**** Provided records ****

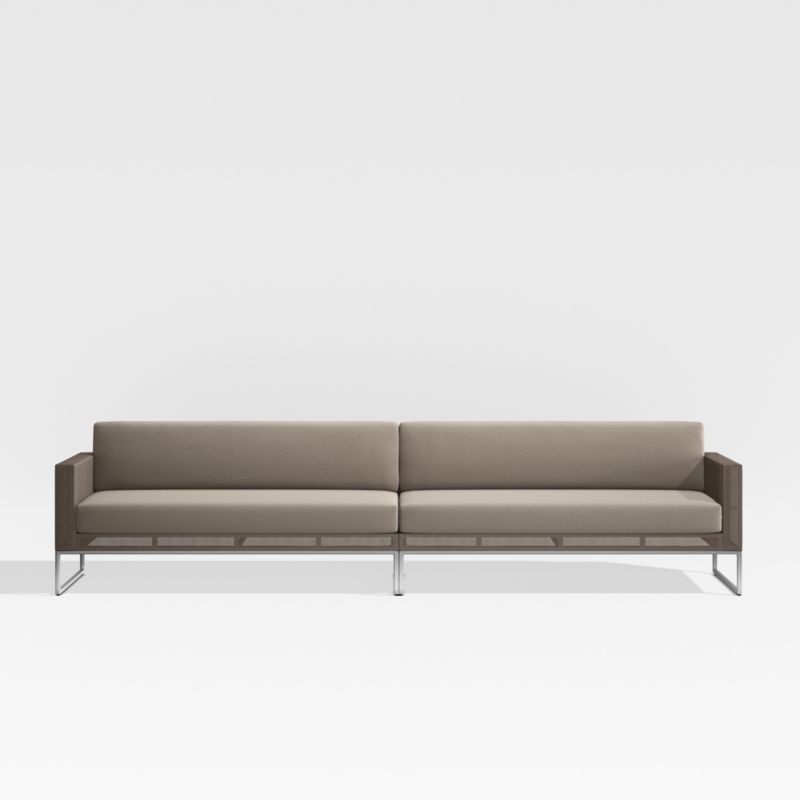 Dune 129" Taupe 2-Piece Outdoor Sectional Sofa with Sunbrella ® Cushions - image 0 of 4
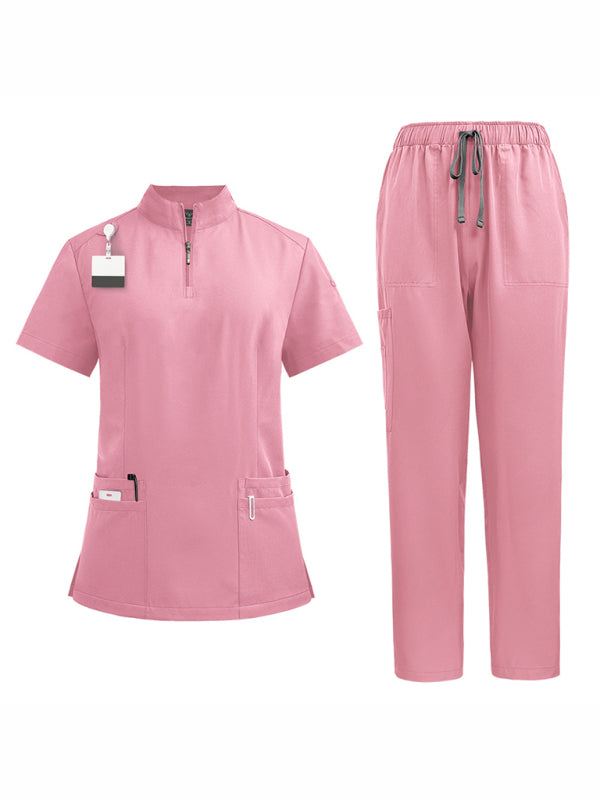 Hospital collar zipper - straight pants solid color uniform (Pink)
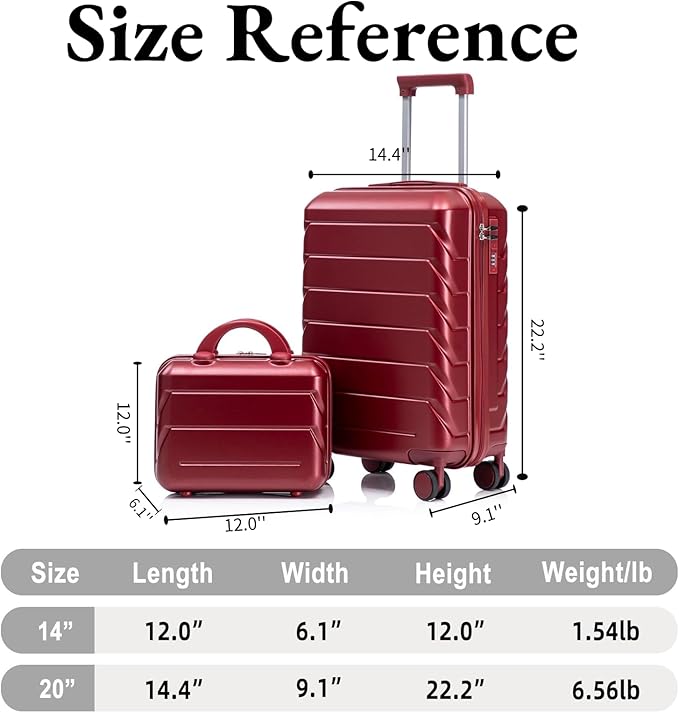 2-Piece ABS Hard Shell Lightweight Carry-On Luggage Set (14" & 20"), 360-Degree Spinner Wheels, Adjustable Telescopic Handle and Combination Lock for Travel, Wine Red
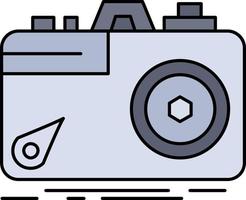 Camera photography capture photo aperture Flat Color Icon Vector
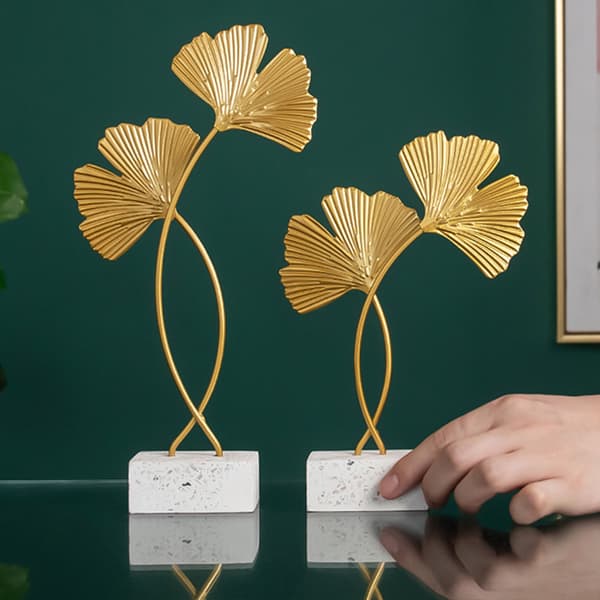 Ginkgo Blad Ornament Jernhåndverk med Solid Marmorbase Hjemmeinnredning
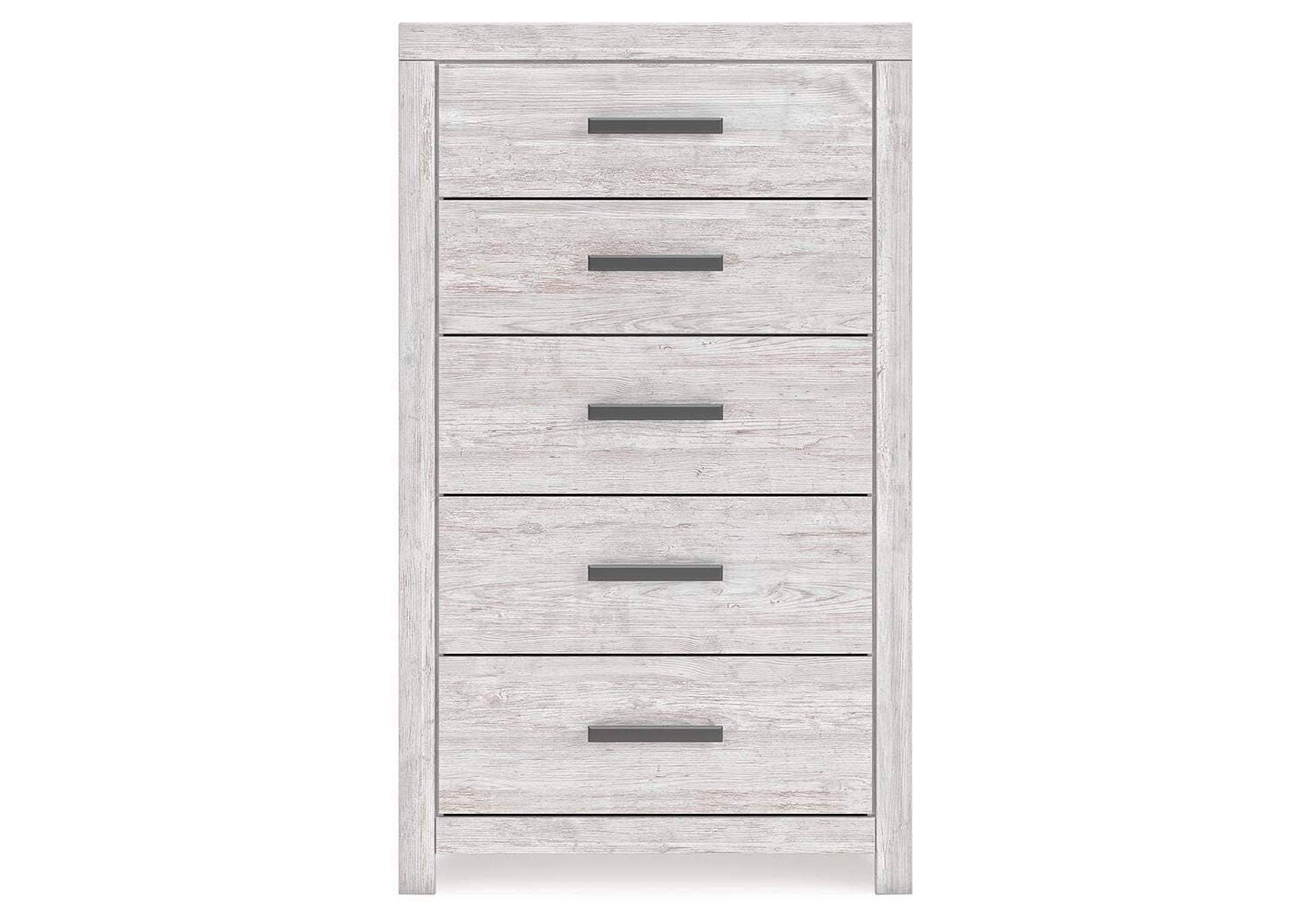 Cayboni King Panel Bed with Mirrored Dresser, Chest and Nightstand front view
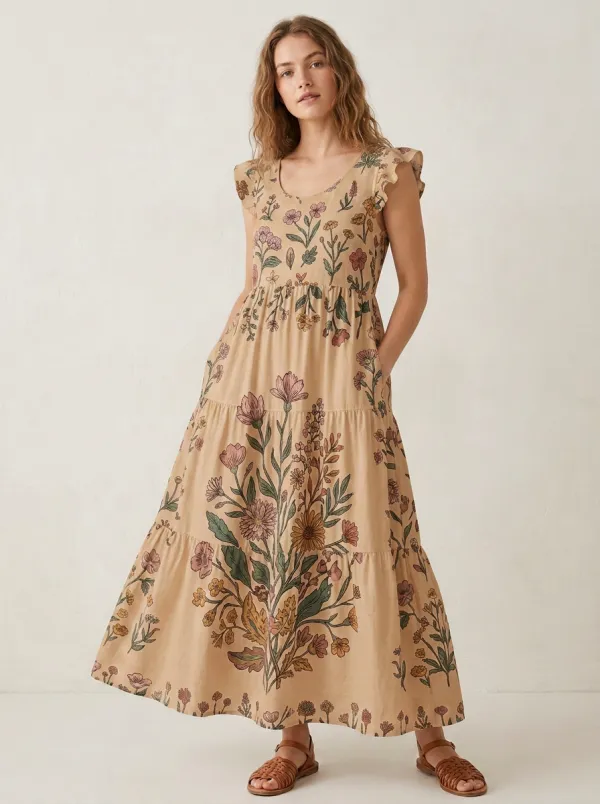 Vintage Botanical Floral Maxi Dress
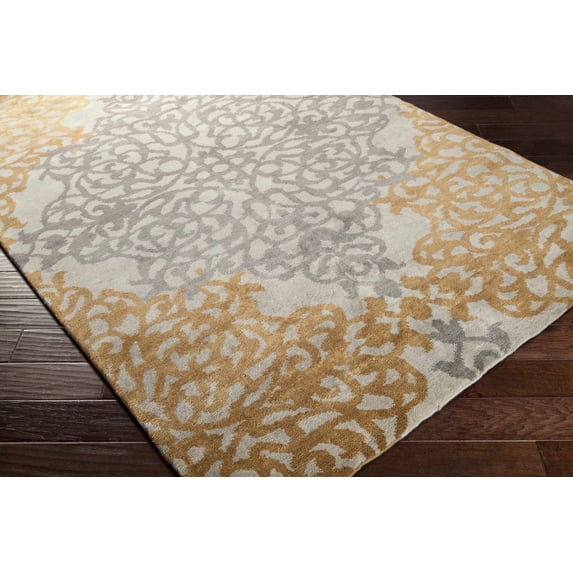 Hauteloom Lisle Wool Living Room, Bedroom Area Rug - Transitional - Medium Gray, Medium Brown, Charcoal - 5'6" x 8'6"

****

| Work to complete |
Write every entry out again exactly, images omitted.

| Task response |
 Dune 129" Taupe 2-Piece Outdoor Sectional Sofa with Sunbrella ® Cushions - image 0 of 4
 Hospital collar zipper - straight pants solid color uniform (Pink)
 2-Piece ABS Hard Shell Lightweight Carry-On Luggage Set (14" & 20"), 360-Degree Spinner Wheels, Adjustable Telescopic Handle and Combination Lock for Travel, Wine Red
 Camera photography capture photo aperture Flat Color Icon Vector
 Ginkgo Blad Ornament Jernhåndverk med Solid Marmorbase Hjemmeinnredning
 Cayboni King Panel Bed with Mirrored Dresser, Chest and Nightstand front view
 Vintage Botanical Floral Maxi Dress
 Hauteloom Lisle Wool Living Room, Bedroom Area Rug - Transitional - Medium Gray, Medium Brown, Charcoal - 5'6" x 8'6"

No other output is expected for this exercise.